Caption-style text data:
^^^^

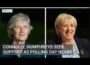 Connolly, Humphreys seek support as Polling day nears
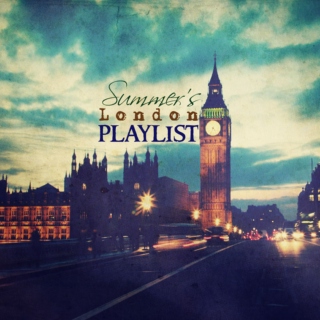 Summer's London Mix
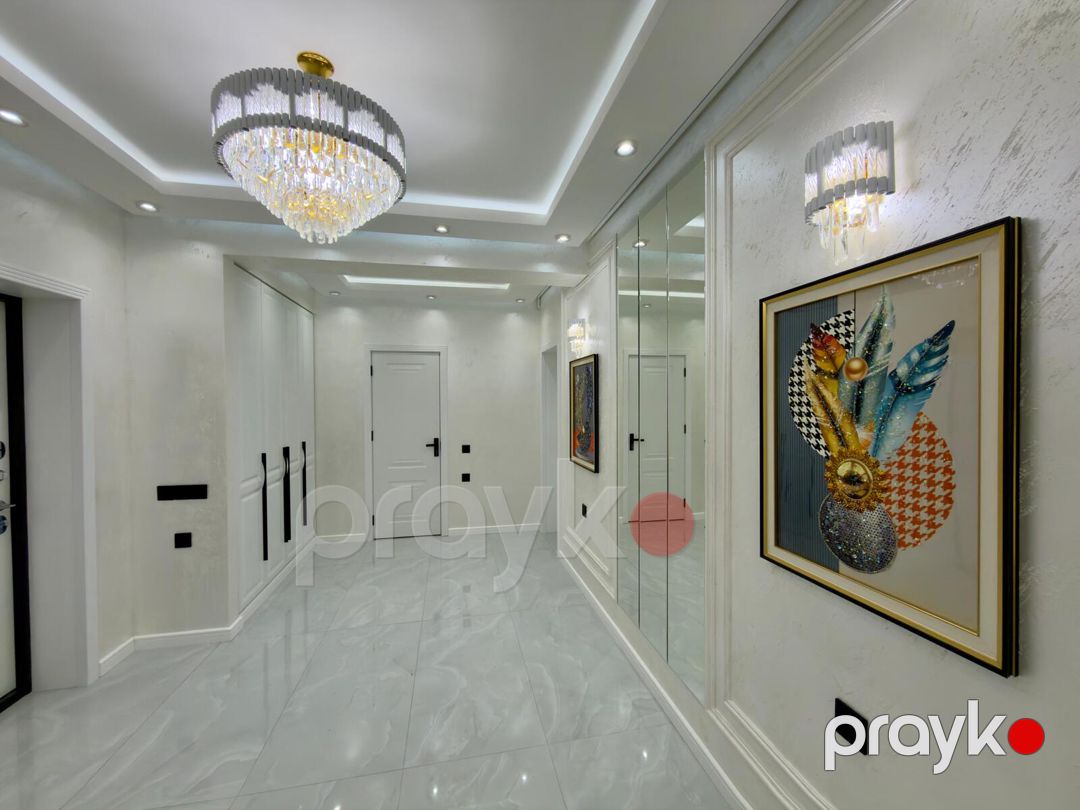 Satılır 4 otaqlı yeni tikili 153 m² — Mənzil, Bakı (4)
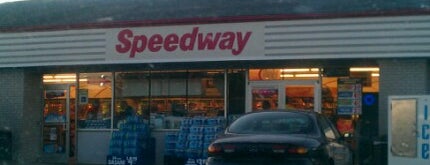 Speedway is one of Favorite Places To Go.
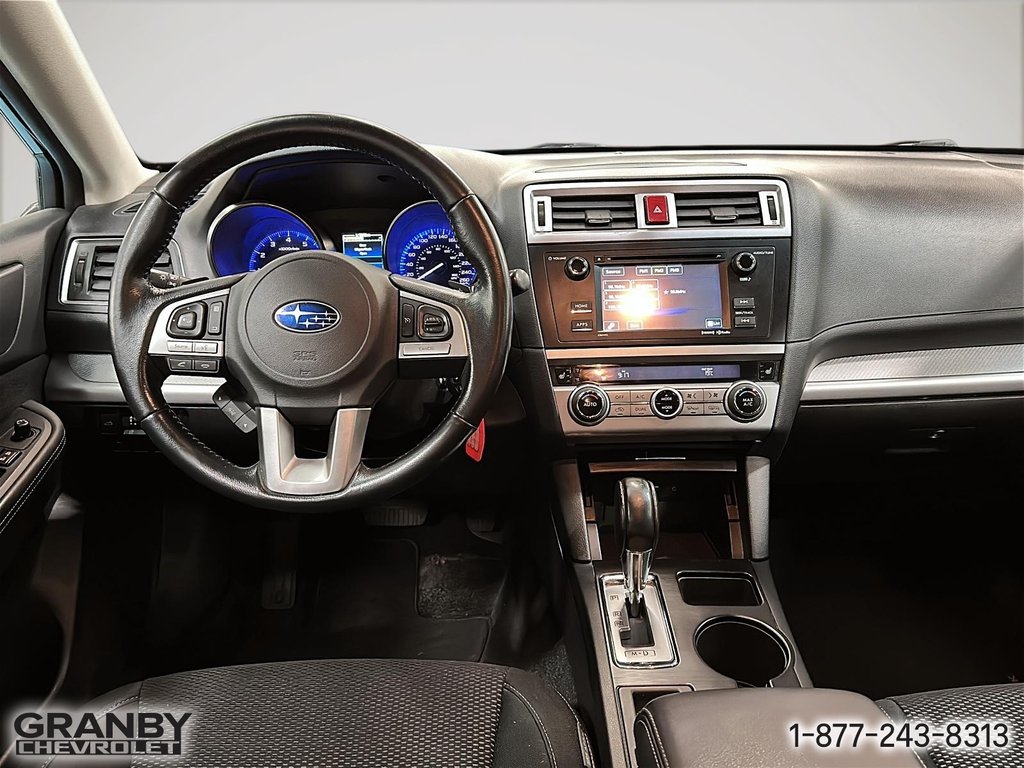 2015 Subaru Outback 3.6R w/Touring Pkg in Granby, Quebec - 13 - w1024h768px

^^^^

Exercise details:
Output each record exactly as it appears, but not the pictures.

Output of the task:
 Connolly, Humphreys seek support as Polling day nears
 Summer's London Mix
 Satılır 4 otaqlı yeni tikili 153 m² — Mənzil, Bakı (4)
 Speedway is one of Favorite Places To Go.
 2015 Subaru Outback 3.6R w/Touring Pkg in Granby, Quebec - 13 - w1024h768px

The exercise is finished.